Linear equations are mathematical statements of equality involving variables and constants. The main goal when working with linear equations is to find the value of the unknown variable. To solve them, operations are performed that maintain the equation's balance
A linear equation can be straightforward like \( x + 3 = 5 \) or more complex. Here it involves basic operations such as addition, subtraction, multiplication, and division. Typically, we simplify or manipulate these operations to isolate the variable on one side of the equation, which helps solve for its value.

• Identify the equation structure: In our problem, the equation is of the form \( x - a = b \). Identifying this helps set a clear path to solving it.
• Perform operations to isolate x:We do this by reversing mathematical operations. Here, we add \( a \) to both sides to get \( x = a + b \).
• Check the balance:After isolation, verify by substituting back to ensure both sides are equal.

Understanding these basic principles is key to solving any linear equation.

Variables are symbols that represent unknown values in equations. They form a theory's backbone and allow for general problem-solving approaches.
In algebra, variables like \( x \) become placeholders for these unknown quantities, providing us a way to solve equations by isolating these variables with mathematical operations.Variables can take any value that satisfies the equation.

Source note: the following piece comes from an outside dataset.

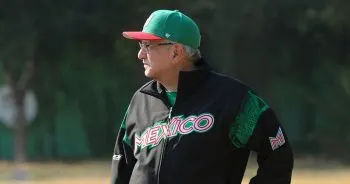 AMLO regresa a la cancha a jugar beisbol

The goal is always to determine this value.

• Symbols for unknowns: A variable like \( x \) represents unknown quantities and gives us something to solve for.
• Assignments of specific values:By solving the equation, we find specific values for variables that satisfy the equation.
• Verification:It's crucial to confirm that the found value, when plugged back into the equation, satisfies the original conditions.

By effectively working with variables, we can explore a wide range of mathematical problems from basic equations to complex systems.

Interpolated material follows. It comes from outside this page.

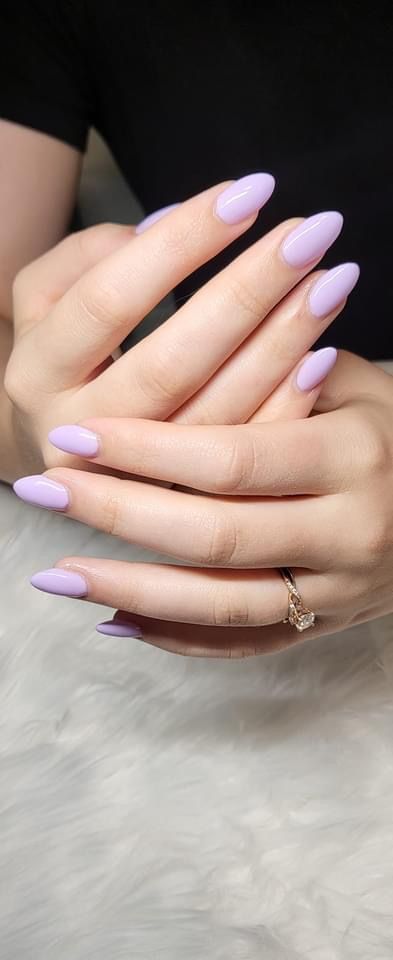 Lavender Nail Inspo Almond, Lilac Nails Almond Short, Nails For Purple Hoco Dress, End Of Summer Nails Acrylic Almond, Light Pastel Nail Colors, Light Lavender Almond Nails, Oval Lilac Nails, Almond Nails Lilac Purple, Lilac Nail Ideas Pastel Purple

Integers are whole numbers that include negative numbers, positive numbers, and zero. They are vital in solving algebraic equations, particularly when choosing values to fill the blanks in equations.
When dealing with equations like the one in our problem, choosing integers that satisfy the condition \( a + b = -10 \) is essential.

• Positive and negative integers: These give flexibility in forming sums and differences. For instance, choosing \( a = 5 \) and \( b = -15 \) satisfies the equation \( a + b = -10 \).
• Arithmetic operations:Understanding addition and subtraction with integers allows for creating suitable equations and confirming solutions.
• Verifying outcomes:This involves substitution into the original equation to ensure it's balanced.

Grasping how to manipulate integers empowers problem-solving in algebra, enabling the computation of solutions across a variety of mathematical contexts.